The vulnerability is caused when a socket is connected, data is sent by the malicious peer and stored in a buffer, and then the malicious peer closes the socket within a small timing window before the other peers’ TLS handshake can begin. After this sequence of events the closed socket will not immediately attempt a TLS handshake due to not being connected but will also allow the buffered data to be read as if a successful TLS handshake had occurred.
This vulnerability primarily affects HTTPS servers and other server-side protocols using TLS client authentication due to requiring reading data immediately after the handshake to be vulnerable. Operations which would fail on a closed socket (like sending data) immediately after the handshake are not affected by this vulnerability.
Because disconnecting the socket is a necessary step to trigger the vulnerability there is no risk of data exfiltration or data leakage directly from the malicious TLS connection, however the vulnerability does carry risk for modifying or deleting resources which are authenticated using only TLS client certificates.
This vulnerability affects clients who are reading and processing data from the server after a TLS handshake without sending any data first. Our team is unaware of a protocol that uses TLS that fits this usage pattern.

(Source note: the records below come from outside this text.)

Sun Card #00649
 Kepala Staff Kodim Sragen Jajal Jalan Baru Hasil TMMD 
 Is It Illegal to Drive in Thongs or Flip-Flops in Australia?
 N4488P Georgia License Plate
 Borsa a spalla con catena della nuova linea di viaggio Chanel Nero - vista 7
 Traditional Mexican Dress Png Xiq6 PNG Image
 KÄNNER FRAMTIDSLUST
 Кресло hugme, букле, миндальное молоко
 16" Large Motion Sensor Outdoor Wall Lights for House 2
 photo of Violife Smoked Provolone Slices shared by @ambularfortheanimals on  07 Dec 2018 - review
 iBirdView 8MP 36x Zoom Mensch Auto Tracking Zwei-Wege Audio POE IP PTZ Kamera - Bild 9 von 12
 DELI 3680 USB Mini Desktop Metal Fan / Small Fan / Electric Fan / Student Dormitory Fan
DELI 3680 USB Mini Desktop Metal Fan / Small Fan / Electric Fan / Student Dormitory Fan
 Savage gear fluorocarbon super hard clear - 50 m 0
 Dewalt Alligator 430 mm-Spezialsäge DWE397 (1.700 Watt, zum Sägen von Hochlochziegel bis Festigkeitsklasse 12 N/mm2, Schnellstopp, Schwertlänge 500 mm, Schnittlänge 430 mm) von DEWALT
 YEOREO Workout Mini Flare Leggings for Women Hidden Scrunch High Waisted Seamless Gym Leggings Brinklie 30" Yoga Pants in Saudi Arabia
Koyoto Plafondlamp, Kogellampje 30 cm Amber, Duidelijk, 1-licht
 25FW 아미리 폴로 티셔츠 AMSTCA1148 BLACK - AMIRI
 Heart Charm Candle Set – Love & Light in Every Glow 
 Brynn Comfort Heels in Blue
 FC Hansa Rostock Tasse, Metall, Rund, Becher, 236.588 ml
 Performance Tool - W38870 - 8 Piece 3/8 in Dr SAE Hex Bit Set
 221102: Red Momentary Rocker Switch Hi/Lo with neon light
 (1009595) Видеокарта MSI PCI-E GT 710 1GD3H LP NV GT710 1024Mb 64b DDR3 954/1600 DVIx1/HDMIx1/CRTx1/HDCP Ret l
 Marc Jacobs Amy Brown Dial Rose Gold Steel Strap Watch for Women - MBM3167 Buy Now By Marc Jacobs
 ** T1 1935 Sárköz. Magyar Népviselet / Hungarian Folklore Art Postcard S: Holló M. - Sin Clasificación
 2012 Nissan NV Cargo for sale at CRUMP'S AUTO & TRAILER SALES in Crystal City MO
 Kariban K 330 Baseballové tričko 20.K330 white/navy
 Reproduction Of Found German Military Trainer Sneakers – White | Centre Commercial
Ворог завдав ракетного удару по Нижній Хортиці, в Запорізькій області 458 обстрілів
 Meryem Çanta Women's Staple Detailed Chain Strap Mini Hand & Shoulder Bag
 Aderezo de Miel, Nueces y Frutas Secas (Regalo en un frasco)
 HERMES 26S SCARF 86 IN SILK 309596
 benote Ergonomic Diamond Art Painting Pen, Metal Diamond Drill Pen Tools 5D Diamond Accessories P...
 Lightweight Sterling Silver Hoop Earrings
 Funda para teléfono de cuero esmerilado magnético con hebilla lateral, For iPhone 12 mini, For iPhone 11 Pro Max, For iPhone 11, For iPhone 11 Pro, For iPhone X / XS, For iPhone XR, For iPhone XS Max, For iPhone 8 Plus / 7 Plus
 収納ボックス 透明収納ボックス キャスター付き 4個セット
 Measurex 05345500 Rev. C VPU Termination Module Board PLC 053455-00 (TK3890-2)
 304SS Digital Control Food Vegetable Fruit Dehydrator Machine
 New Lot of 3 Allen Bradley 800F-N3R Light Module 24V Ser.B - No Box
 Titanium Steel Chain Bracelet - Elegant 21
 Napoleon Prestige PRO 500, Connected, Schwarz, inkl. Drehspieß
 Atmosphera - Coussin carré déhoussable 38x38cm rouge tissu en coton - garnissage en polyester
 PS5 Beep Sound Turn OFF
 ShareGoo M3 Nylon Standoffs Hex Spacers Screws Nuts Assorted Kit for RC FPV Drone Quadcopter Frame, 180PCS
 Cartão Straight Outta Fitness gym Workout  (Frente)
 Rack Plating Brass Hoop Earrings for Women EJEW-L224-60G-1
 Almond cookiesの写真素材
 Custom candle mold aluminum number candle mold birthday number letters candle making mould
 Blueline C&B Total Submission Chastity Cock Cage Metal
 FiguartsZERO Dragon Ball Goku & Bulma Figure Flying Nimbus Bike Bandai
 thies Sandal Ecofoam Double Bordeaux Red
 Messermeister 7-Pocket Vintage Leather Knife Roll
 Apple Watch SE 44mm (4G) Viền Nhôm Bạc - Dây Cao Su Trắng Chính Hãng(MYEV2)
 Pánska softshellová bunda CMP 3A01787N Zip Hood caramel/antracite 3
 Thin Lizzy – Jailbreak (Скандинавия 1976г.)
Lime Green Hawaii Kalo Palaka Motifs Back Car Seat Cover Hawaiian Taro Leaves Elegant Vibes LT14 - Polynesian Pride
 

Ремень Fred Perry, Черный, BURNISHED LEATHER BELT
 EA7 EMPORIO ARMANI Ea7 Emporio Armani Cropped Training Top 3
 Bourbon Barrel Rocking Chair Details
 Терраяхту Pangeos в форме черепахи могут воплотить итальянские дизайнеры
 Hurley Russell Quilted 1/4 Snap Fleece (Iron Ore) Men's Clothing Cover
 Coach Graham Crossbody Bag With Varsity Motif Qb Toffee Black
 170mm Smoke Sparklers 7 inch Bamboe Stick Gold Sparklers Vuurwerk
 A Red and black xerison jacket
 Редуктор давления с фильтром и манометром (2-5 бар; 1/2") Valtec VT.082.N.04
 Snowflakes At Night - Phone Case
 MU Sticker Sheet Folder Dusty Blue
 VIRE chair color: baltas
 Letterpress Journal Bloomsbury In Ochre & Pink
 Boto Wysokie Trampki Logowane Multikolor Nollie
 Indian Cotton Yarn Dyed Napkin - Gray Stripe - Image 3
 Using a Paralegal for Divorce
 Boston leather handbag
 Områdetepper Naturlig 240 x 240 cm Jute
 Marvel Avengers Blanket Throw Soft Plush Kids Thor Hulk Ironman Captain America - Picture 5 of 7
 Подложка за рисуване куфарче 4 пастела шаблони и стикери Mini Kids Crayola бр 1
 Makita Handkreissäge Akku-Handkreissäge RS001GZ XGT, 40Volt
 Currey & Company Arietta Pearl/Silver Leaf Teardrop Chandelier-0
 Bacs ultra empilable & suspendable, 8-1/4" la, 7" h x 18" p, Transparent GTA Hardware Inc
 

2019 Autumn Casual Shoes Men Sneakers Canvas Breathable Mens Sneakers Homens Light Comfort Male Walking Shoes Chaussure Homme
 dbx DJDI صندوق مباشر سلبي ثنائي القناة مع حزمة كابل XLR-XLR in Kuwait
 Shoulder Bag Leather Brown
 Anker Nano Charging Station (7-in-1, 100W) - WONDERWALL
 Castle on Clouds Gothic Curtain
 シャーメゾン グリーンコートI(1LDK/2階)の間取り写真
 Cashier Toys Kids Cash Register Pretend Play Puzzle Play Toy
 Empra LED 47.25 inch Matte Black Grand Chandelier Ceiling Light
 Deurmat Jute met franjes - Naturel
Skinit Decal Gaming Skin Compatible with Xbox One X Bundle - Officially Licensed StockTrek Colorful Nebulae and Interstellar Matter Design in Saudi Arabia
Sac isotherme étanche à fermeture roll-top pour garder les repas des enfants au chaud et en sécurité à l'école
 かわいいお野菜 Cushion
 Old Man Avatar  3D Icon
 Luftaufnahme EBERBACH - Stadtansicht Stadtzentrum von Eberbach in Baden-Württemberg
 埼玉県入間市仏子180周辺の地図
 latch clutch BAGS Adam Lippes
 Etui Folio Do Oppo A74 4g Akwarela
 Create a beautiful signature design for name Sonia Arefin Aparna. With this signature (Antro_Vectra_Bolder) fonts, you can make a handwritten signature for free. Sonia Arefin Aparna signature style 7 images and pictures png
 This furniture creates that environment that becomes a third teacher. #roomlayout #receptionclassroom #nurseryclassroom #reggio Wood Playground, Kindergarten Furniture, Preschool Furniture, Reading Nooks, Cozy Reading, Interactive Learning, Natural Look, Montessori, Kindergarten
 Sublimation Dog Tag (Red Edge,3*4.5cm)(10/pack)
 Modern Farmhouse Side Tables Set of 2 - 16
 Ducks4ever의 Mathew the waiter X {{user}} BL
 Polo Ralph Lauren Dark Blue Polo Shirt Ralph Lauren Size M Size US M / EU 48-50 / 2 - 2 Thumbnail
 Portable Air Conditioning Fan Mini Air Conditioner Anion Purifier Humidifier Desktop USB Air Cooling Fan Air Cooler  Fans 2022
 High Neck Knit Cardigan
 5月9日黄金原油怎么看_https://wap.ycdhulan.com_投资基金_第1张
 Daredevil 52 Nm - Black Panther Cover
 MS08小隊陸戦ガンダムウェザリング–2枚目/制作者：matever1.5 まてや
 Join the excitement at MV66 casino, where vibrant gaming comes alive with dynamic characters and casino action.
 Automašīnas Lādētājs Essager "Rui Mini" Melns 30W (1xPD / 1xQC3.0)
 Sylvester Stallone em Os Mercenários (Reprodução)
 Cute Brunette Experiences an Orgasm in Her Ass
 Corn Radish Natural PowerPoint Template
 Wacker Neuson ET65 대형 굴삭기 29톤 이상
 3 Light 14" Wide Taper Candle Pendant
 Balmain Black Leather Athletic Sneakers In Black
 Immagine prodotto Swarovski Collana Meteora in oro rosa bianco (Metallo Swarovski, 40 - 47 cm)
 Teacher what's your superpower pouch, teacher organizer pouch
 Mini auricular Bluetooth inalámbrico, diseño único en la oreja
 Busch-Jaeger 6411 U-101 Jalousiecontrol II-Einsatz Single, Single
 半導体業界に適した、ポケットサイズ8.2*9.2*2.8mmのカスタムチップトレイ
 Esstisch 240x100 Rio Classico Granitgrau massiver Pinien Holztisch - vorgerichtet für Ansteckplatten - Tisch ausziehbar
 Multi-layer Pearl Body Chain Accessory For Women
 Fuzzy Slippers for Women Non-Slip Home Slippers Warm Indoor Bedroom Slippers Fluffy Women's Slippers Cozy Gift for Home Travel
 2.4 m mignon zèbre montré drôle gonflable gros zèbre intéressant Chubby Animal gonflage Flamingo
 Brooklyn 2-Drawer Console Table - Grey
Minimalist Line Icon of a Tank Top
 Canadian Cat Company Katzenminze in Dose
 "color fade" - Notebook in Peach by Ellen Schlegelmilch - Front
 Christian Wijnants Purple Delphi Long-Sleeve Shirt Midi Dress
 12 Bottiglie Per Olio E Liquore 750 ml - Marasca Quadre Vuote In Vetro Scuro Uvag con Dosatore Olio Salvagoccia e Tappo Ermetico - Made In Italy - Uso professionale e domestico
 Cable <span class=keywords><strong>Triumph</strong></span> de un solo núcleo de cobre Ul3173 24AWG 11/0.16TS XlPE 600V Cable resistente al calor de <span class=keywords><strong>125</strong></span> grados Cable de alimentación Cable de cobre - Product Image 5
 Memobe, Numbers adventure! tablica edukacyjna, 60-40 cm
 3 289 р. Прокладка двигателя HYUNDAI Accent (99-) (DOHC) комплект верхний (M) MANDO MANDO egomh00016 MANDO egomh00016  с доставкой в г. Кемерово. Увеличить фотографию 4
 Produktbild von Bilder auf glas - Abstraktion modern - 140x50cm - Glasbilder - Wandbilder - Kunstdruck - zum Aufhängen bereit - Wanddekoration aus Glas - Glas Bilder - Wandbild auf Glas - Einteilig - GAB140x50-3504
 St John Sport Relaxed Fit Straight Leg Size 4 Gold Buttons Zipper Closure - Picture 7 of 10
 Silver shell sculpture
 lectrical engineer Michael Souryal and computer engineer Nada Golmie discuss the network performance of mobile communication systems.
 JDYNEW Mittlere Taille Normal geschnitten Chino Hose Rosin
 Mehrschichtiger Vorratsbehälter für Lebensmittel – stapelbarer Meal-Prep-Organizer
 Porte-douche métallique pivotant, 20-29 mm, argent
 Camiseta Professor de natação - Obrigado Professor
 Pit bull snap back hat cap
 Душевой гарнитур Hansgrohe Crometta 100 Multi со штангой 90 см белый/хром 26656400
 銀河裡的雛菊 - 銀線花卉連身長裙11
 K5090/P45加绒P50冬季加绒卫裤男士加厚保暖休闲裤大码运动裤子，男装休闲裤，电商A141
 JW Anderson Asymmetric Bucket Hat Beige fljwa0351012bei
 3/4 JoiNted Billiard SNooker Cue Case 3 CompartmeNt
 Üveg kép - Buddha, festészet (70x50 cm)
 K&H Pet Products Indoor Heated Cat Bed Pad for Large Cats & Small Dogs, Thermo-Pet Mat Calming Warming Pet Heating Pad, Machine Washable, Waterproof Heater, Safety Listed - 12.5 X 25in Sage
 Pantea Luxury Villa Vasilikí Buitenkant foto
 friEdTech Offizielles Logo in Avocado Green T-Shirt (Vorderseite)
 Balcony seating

This vulnerability does not affect client-side HTTPS connections like pip or requests as an HTTP request must be sent before an HTTP response is read meaning the connection would already be closed by the time the client is sending an HTTP request, leading to an error.
This vulnerability affects, but has no impact on servers that aren’t using TLS client certificate authentication as traffic to a non-authenticating TLS server loses nothing from a bypassed handshake to inject a query and close the connection as the same action could be taken by a peer using a TLS connection with a proper handshake.